Question

PQ and PR are the tangents to a given circle as shown in the figure. If $ \angle RPQ = {90^ \circ } $ and $ PQ = 8cm $ , find the radius of the circle (in cm)

Answer 1

Hint: The given question asks us to find the radius of the given circle in cm. We are given the angles $ \angle RPQ = {90^ \circ } $ as well as the length of one tangent, the first important theorem to remember to solve this question is to know that the two tangents of a circle to the same points are equal in size so the side PR would also be the same as the size of the side PQ given as $ PQ = 8cm $ . The next important thing to note is that the angle the tangent makes with the normal (the segment from the tangent to the centre of the circle) is a right angle.

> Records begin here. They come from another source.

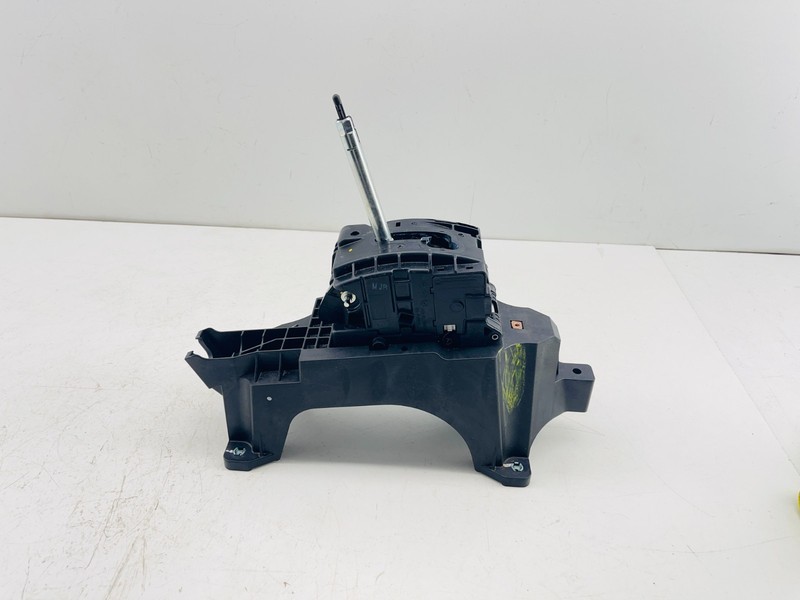 2018–2020 Buick Regal SportsbackA/T Floor Shifter Assembly OEM 60K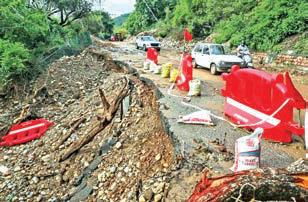 Heavy downpour stalls reopening of Jmu-Sgr NH; Vaishno Devi Yatra remains suspended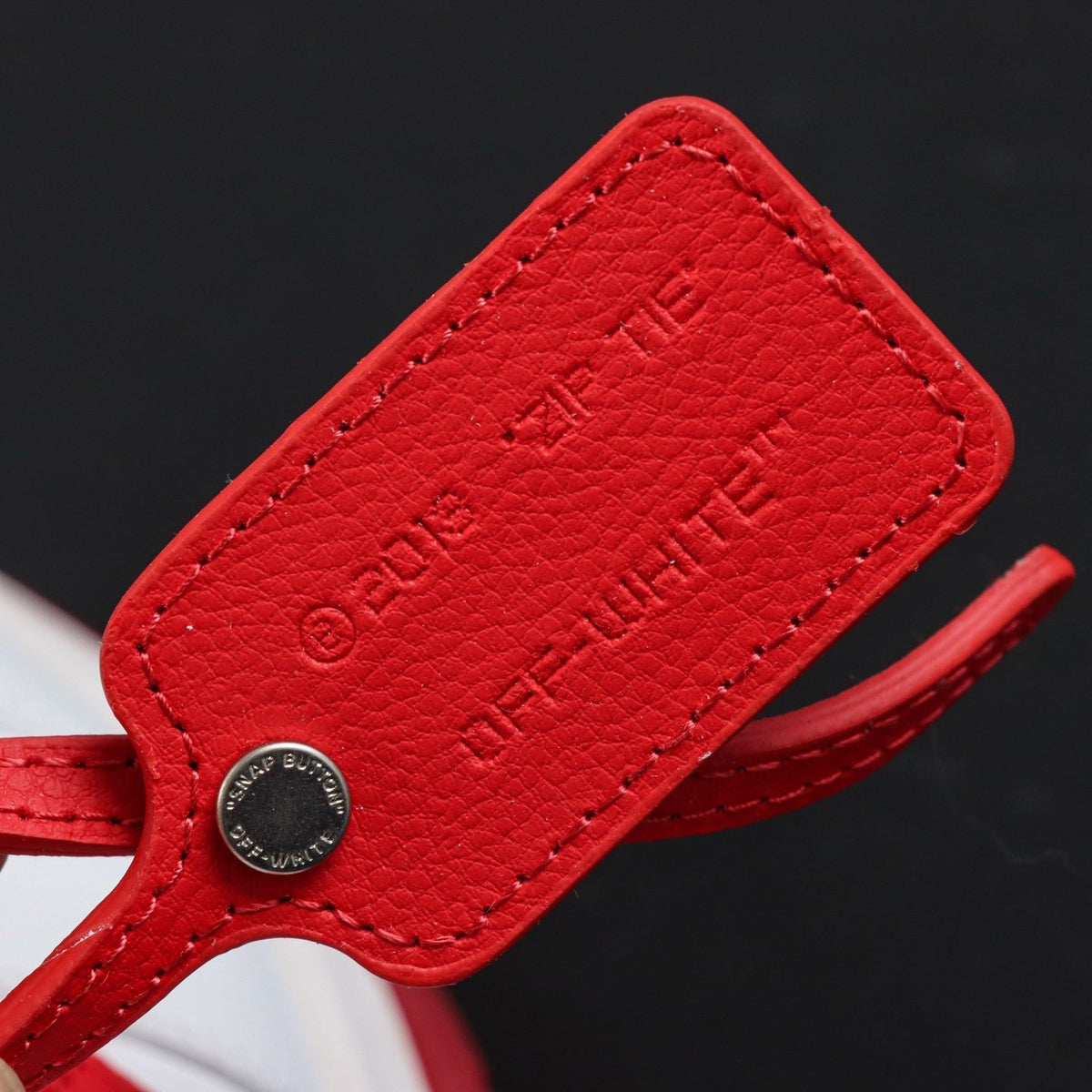 Off-White Out Of Office 'Blanc Rouge' — vue 3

Complete step-by-step answer:
The angle RPQ is given as,
 $ \angle RPQ = {90^ \circ } $
The one tangent is given as,
 $ PQ = 8cm $
The other tangent will also be equal, and its values will
 $ RP = 8cm $
The angles $ \angle PQO $ and $ \angle PRO $ are also right angles because the angle the normal makes with the tangent is a right angle and the $ QO $ and $ RO $ are normal to the tangents at $ R $ and $ Q $
The quadrilateral $ PQOR $ has three right angles; the fourth angle will also be a right angle so as to make the sum the total of $ {360^ \circ } $ . Hence this is a square whose side is $ 8cm $ , which means the radius of the circle will also be $ 8cm $ .
So, the correct answer is “8 cm”.

Note: There is a very important conclusion which could have helped us to solve this question easily which is that the centre of the circle along with two points from which the circle is drawn and the intersection of the circles form a cyclic quadrilateral, which means sum of the opposite angles is $ {180^ \circ } $ . This phenomenon can be easily seen in the question above and would have cut our solution by half.